Le app e le funzioni che rubano le credenziali potrebbero essere in realtà keylogger, pacchetti di malware che registrano non solo le tue password ma tutte le tue battute e poi le trasmettono al cattivo attore.
Il malware per il furto di credenziali può anche essere integrato in siti progettati per assomigliare a quelli di entità rispettabili. Ad esempio, un utente malintenzionato può inviare un messaggio di phishing sostenendo che è stata rilevata un'attività sospetta nel conto bancario del bersaglio e che il bersaglio deve accedere al proprio account per modificare immediatamente la password.
La vittima fa clic su un collegamento nel messaggio e viene indirizzata a un sito bancario dall'aspetto legittimo dove gli viene chiesto di inserire le credenziali di accesso per iniziare il processo di reimpostazione della password.
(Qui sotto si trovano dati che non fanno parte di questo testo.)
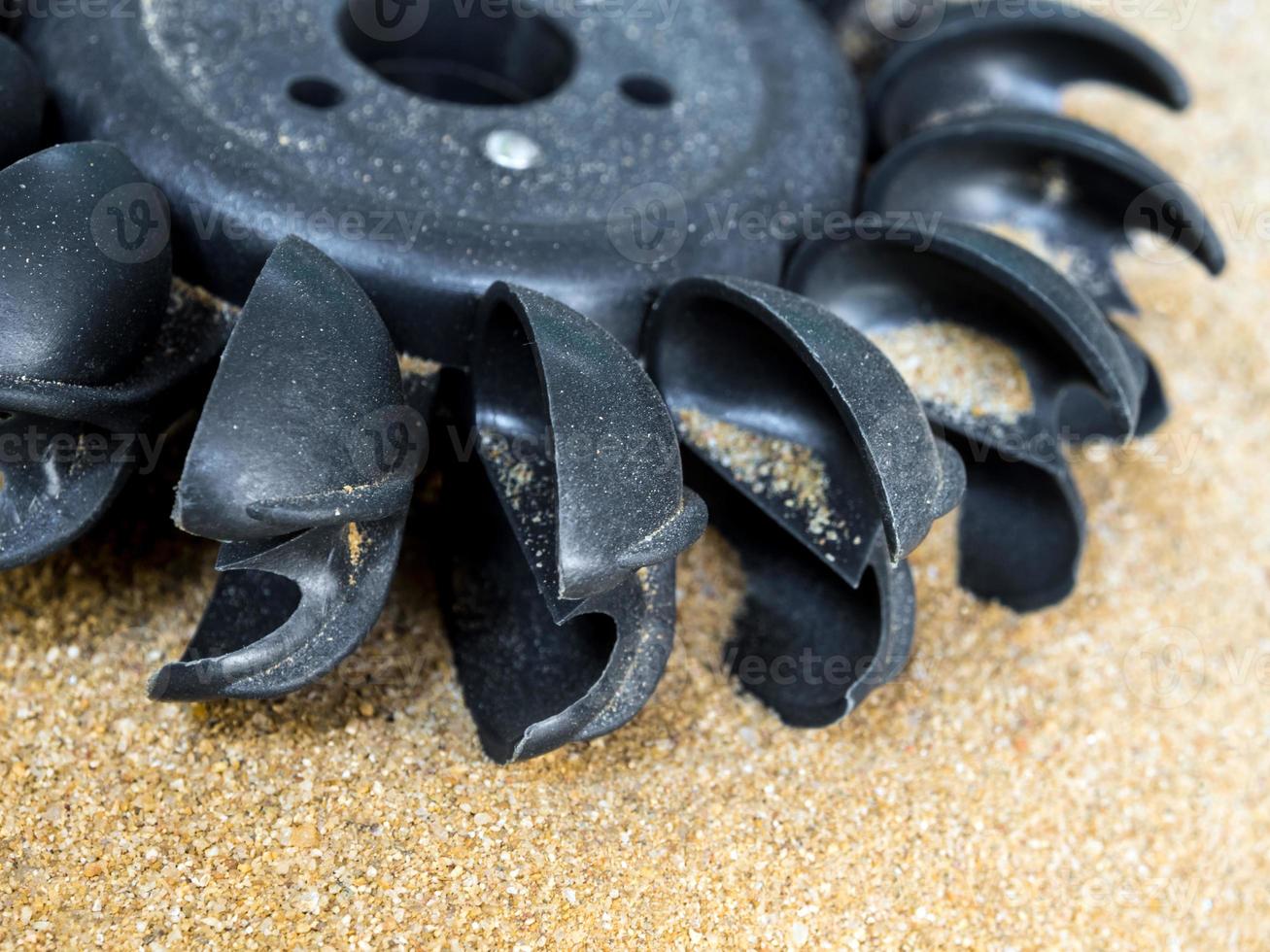 Kunststoff-Pelton-Wasserturbine auf Sand ohne Wasser foto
In questo modo l'attaccante fornisce le credenziali del conto bancario della vittima.
Alcuni siti dannosi simili vengono creati nella speranza che individui casuali atterrino inavvertitamente su di essi e vengano truffati dai loro nomi utente e password.
La versione high-tech di questo è un attacco man-in-the-middle. Le reti Wi-Fi pubbliche sono spesso frequentate da aggressori che utilizzano strumenti prontamente disponibili per monitorare il traffico di rete e sottrarre dati sensibili, comprese le credenziali di accesso all'account, da coloro che utilizzano le reti.
A volte i criminali informatici creano le proprie reti Wi-Fi pubbliche progettate per apparire come se fossero quelle di aziende legittime, con l'unico scopo di rubare i dati degli utenti. Le reti Wi-Fi pubbliche sono intrinsecamente pericolose.
In effetti, il numero di password in uso continua ad aumentare, così come il numero di aggressori là fuori che stanno attivamente cercando di rubarle. La protezione con password dovrebbe essere presa sul serio, quindi vai avanti e implementa il maggior numero possibile di questi suggerimenti.
“La polizia ha trovato 225 milioni di password rubate nascoste su un server cloud hackerato”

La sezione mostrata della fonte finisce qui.